Items from a dataset
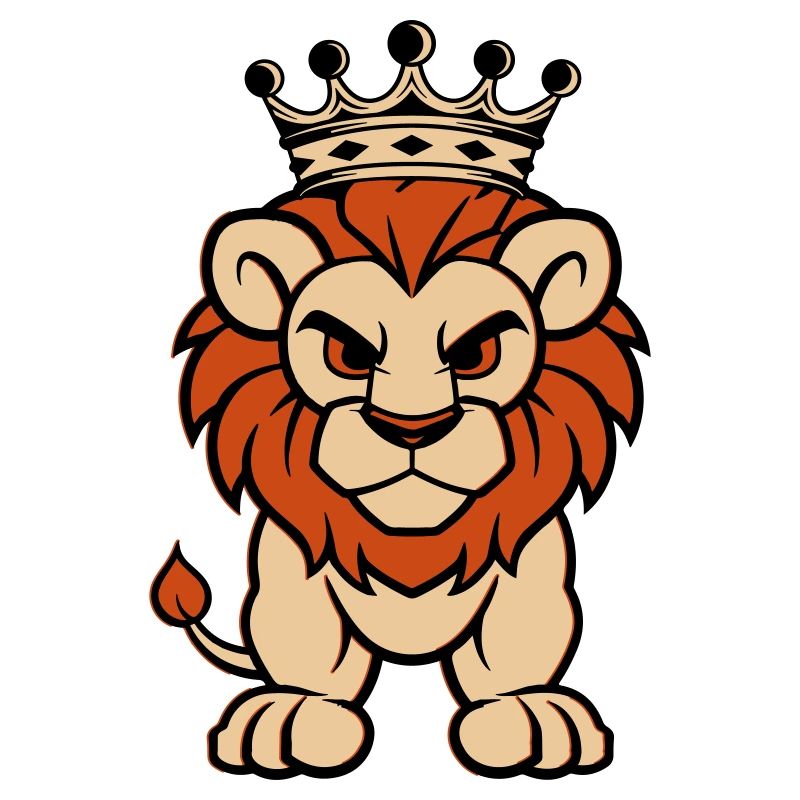 Couronne de Lion Comique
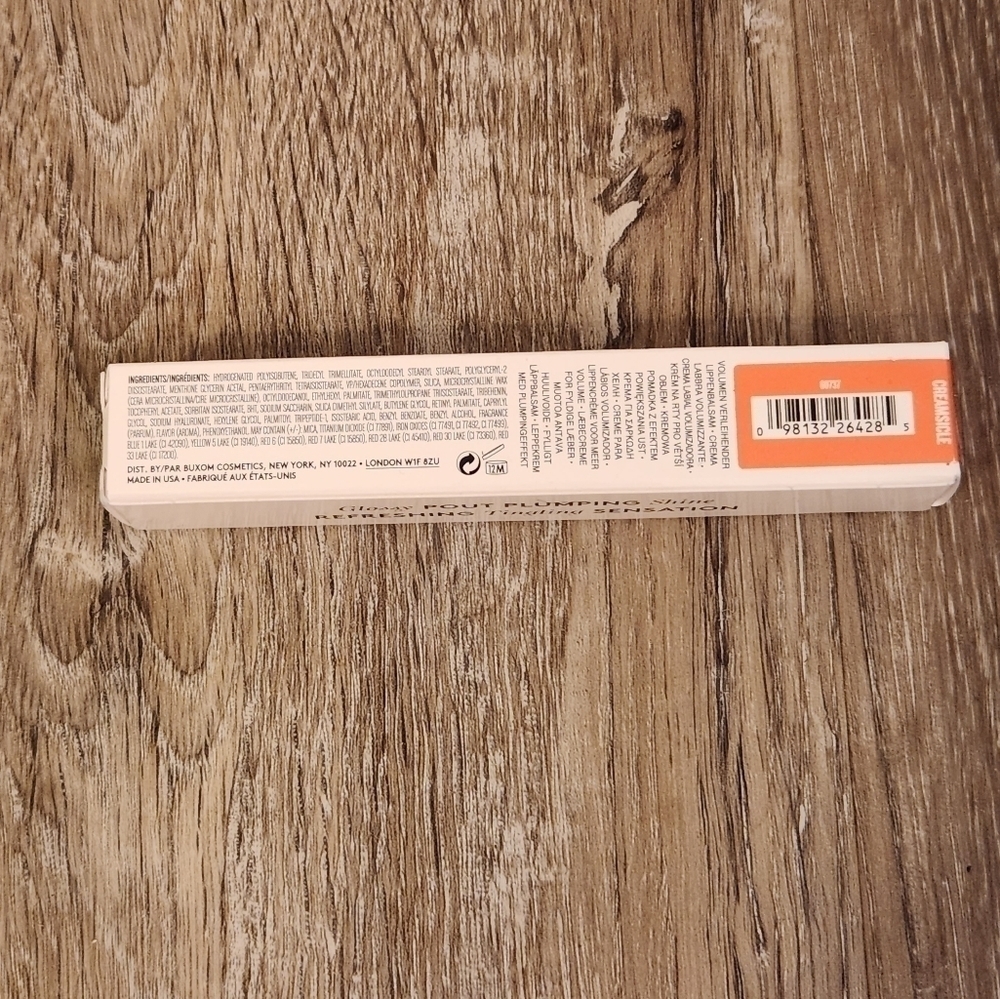 Buxom full-on Plumping Lip Cream Full Size shade creamsicle - Picture 5 of 9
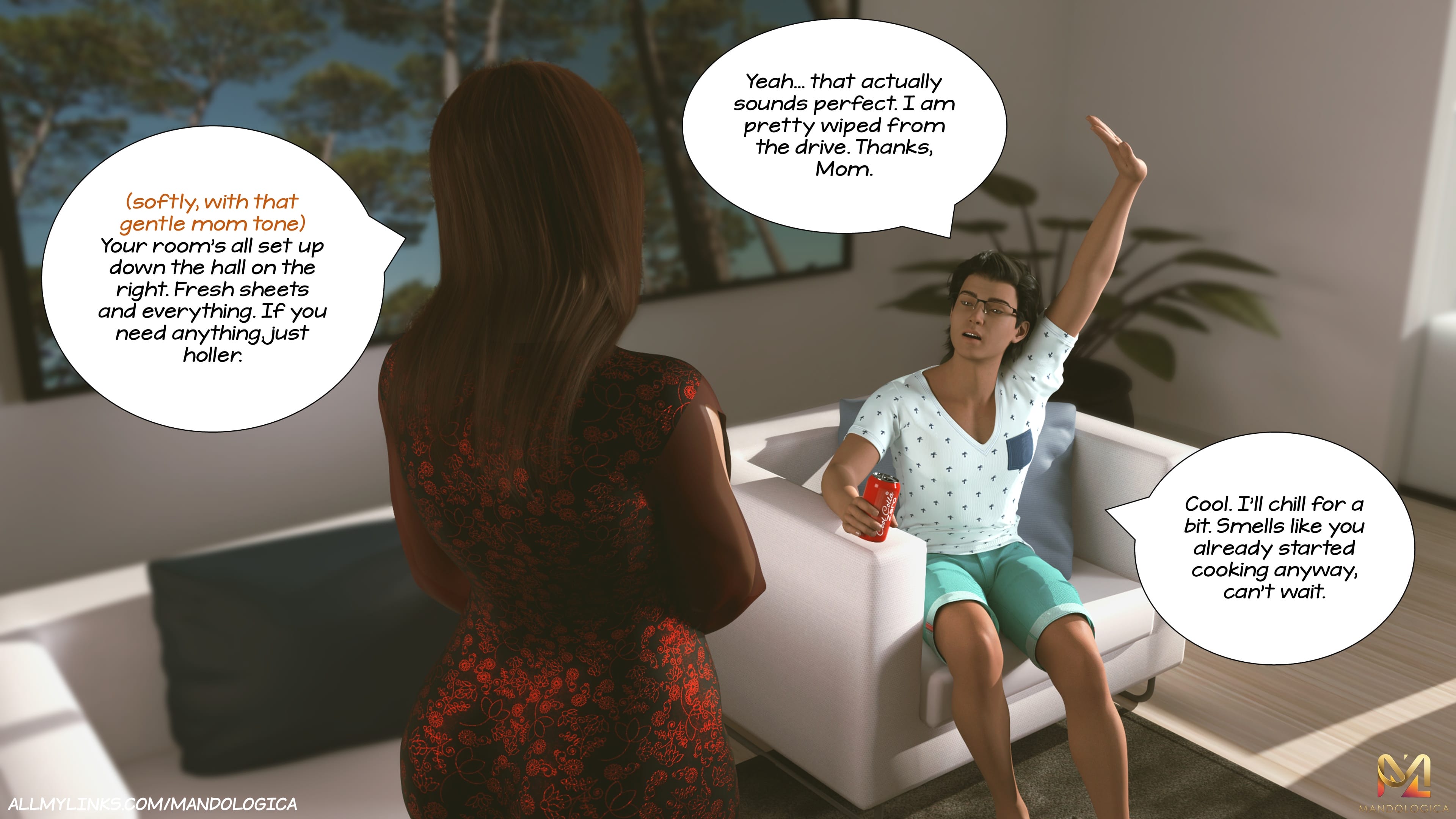 Show Me – Prove Yourself [MandoLogica] Chapter 1 - Page 32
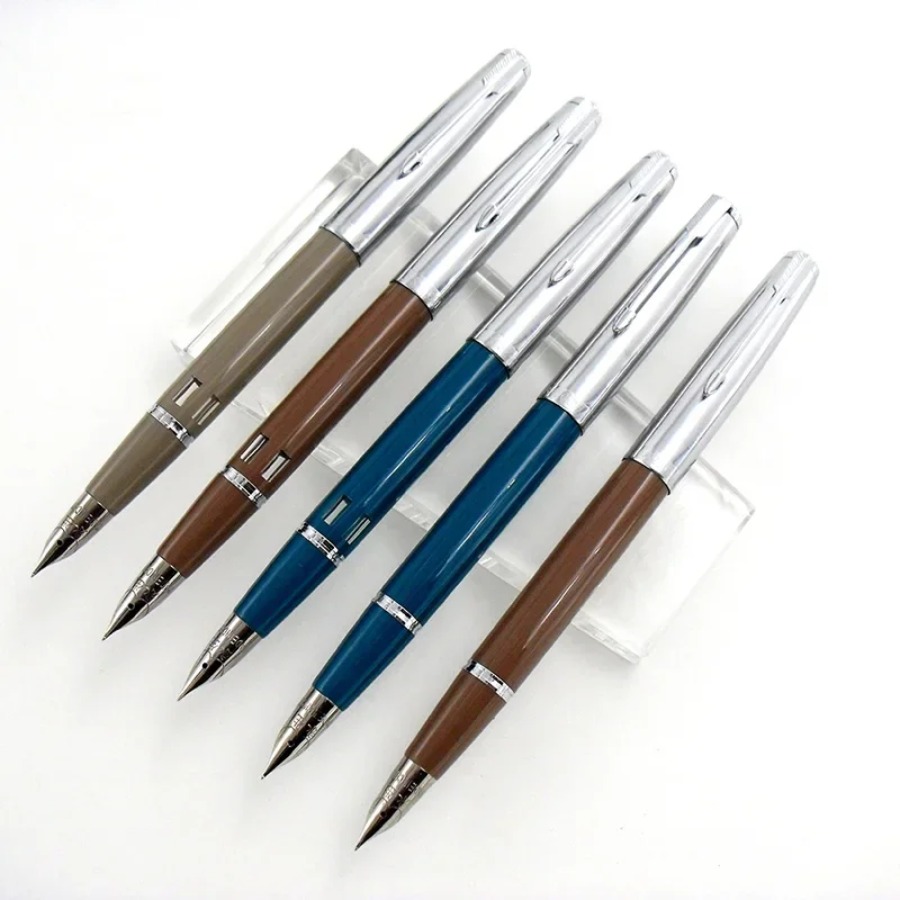 Vintage Collectible Pens - Ручка-фонтан Yongsheng 601A: винтажный дизайн, плавное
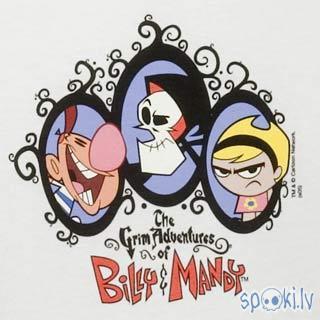  Autors: Fosilija Billy&Mandy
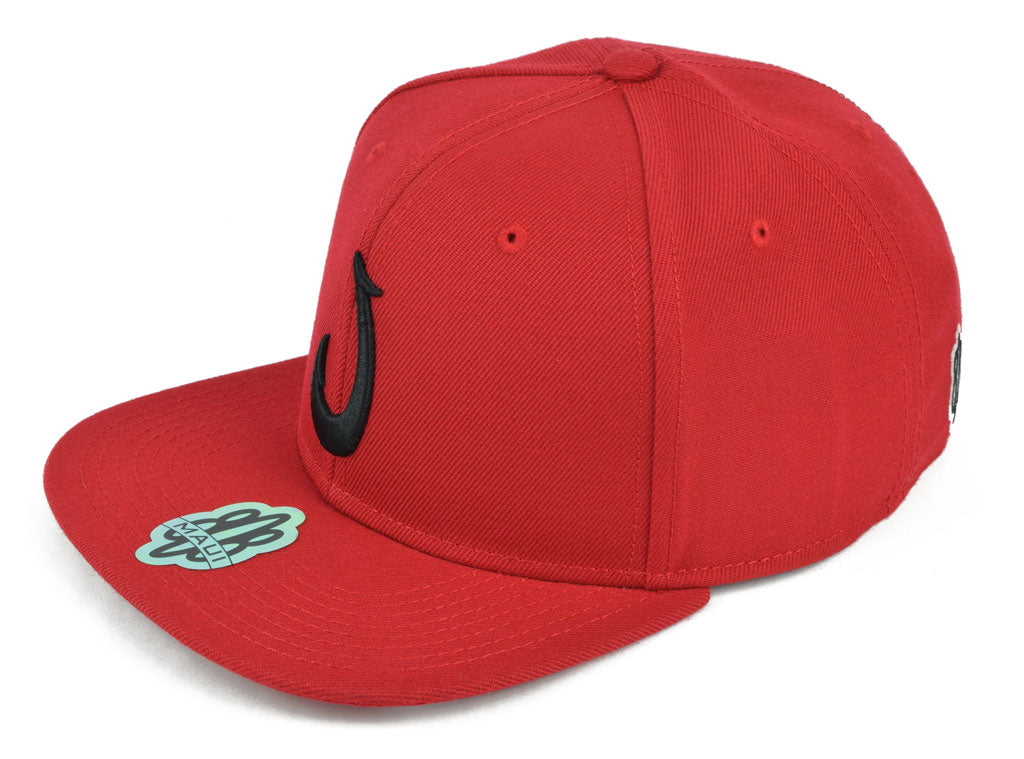 Embroidered Logo Hawaii Caps Hawaii's Fish Hook Hats. Free Shipping in USA  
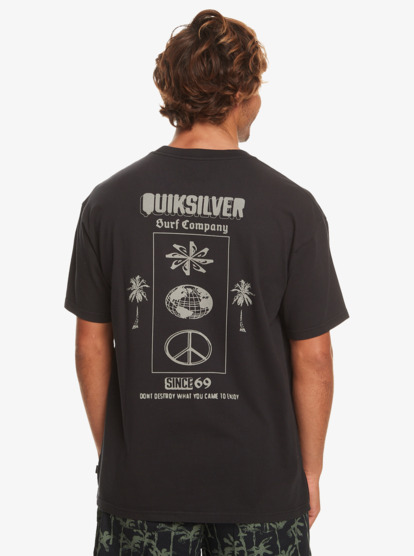 Quiksilver  Quik Ways SS - Black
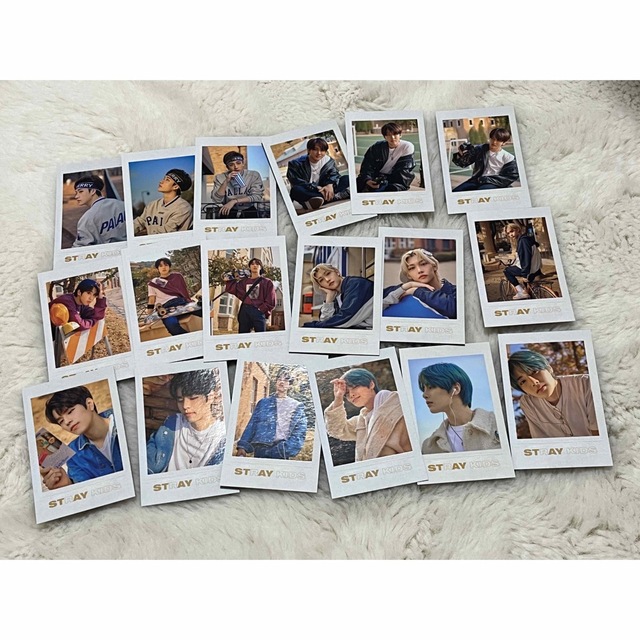 Stray Kids(ストレイキッズ)のstray kids ポラロイドセット　アンコン　トレカ エンタメ/ホビーのCD(K-POP/アジア)の商品写真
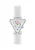 GUESS Analoog horloge ‘ TRINA ‘  gemengde kleuren / wit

**Exercise requirements**: Set every record down exactly, omitting pictures.

**Your response**:
 Couronne de Lion Comique
 Buxom full-on Plumping Lip Cream Full Size shade creamsicle - Picture 5 of 9
 Show Me – Prove Yourself [MandoLogica] Chapter 1 - Page 32
 Vintage Collectible Pens - Ручка-фонтан Yongsheng 601A: винтажный дизайн, плавное
  Autors: Fosilija Billy&Mandy
 Embroidered Logo Hawaii Caps Hawaii's Fish Hook Hats. Free Shipping in USA  
 Quiksilver  Quik Ways SS - Black
 Stray Kids(ストレイキッズ)のstray kids ポラロイドセット　アンコン　トレカ エンタメ/ホビーのCD(K-POP/アジア)の商品写真
 GUESS Analoog horloge ‘ TRINA ‘  gemengde kleuren / wit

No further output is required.